In Copenhagen, the Obama administration never strayed from the reality that Congress has not passed final climate legislation. It was a hard-line stance that meant the United States could not go as far as many world leaders wanted in the hope of reaching a legally binding treaty at the conclusion of the two-week, U.N.-led summit. But it may be useful when it comes to perceptions back home.
Obama's negotiators never budged amid calls by Sudan and other poor countries to simply join the Kyoto Protocol -- the 1997 U.N. agreement that was long ago vilified by the Senate. They also resisted pleas from the Europeans, Africans and many other nations to set even stronger emission targets, a move that would have put them at odds with the House-passed climate bill (H.R. 2454 (pdf)) and its still-evolving Senate counterpart.
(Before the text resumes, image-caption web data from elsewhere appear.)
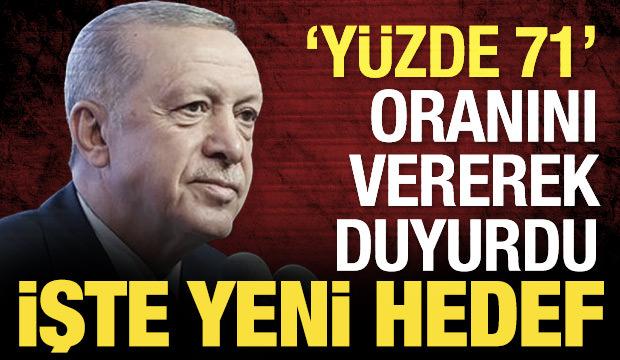 Cumhurbaşkanı Erdoğan'dan yerli ultrason cihazı m&uuml;jdesi: 2 yıl i&ccedil;inde 700 adet &uuml;retilecek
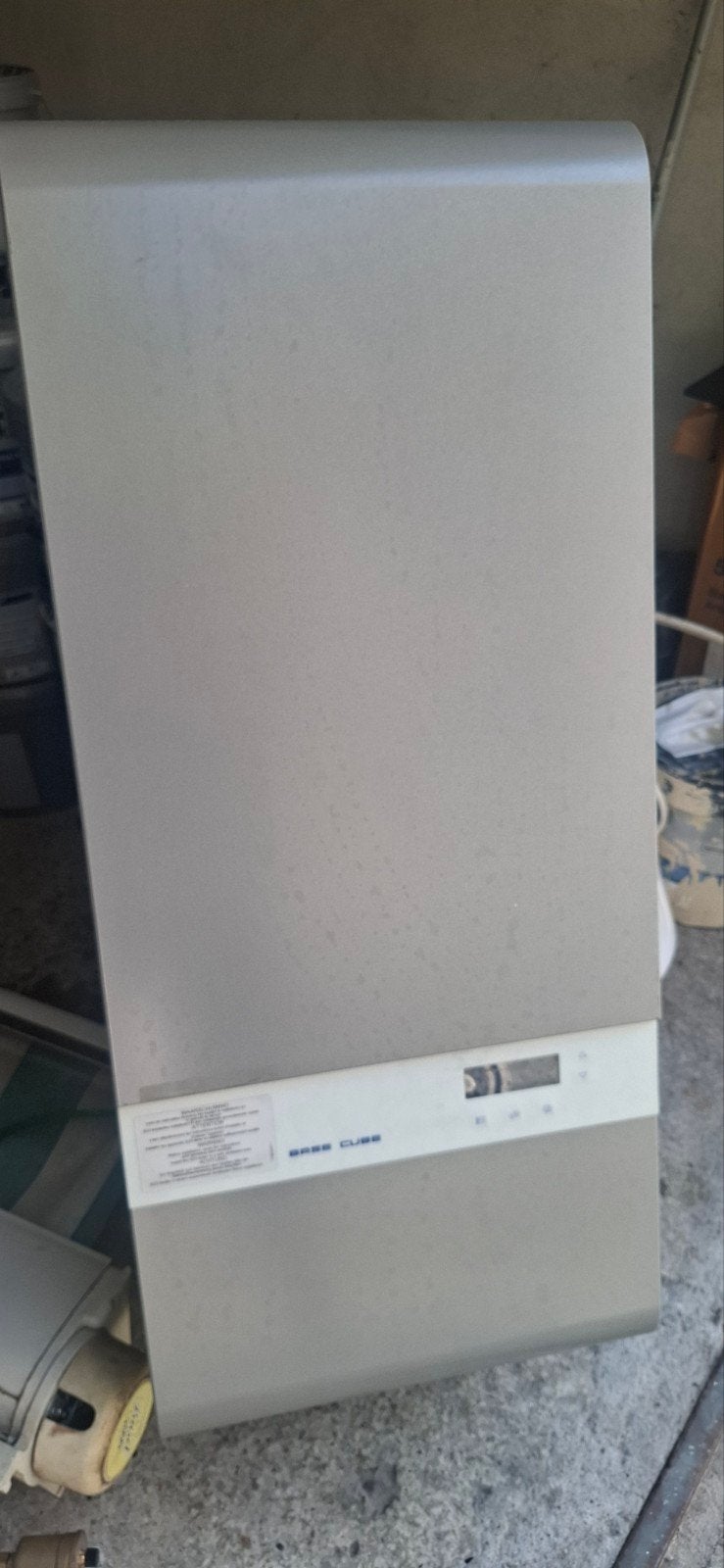 warmtepomp Itho Daalderop Base Cube 24/30 13L (2015), Gebruikt, Hoog rendement (Hr), Cv-ketel of Combi-ketel, Minder dan 60 cm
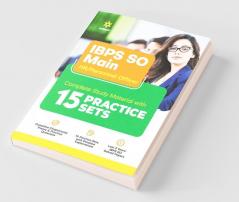 IBPS SO Main HR Personnel Officer 15 Practice Sets (Complete study material) 2021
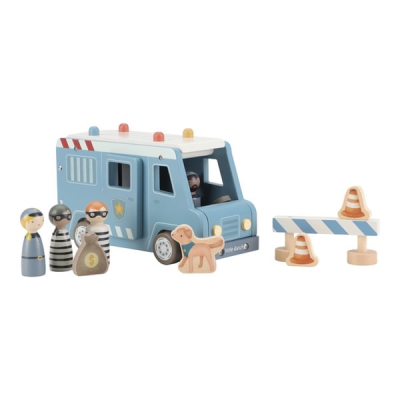 Moder lesen policijski kombi (24m+), Little Dutch (LD2541)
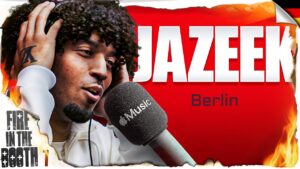 HYPED presents… Fire in the Booth Germany – Jazeek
And the United States also overcame efforts by China and India to ban the use of border tariffs on their export of energy-intensive goods -- a hammer that about a dozen senators see as critical to having before they would even consider voting for climate legislation. Several drafts circulating at the Bella Center proposed stripping any country of this right, but the idea never got further than bracketed text that meant no consensus.
Before the Copenhagen visit, Obama aides downplayed expectations for the trip and even talked openly about the prospect of coming home with nothing at all (E&ENews PM, Dec. 17).
But Saturday, the president was able to take credit for achieving some degree of success with the new climate accord while simultaneously relishing in the Senate's progress toward passing health care legislation that has taken top billing on Capitol Hill over global warming and energy.
"Even though we have a long way to go, there's no question that we've accomplished a great deal over the last few days," Obama said. "I want America to continue to lead on this journey, because if America leads in developing clean energy, we will lead in growing our economy and putting our people back to work, and leaving a stronger and more secure country to our children."
Who else will sign up?
The Copenhagen Accord's biggest breakthrough are the pledges that countries big and small are making to curtail their emissions. For the major developing economies, it means they have made first-ever commitments for greenhouse gas reductions that are subject to "international consultations and analysis."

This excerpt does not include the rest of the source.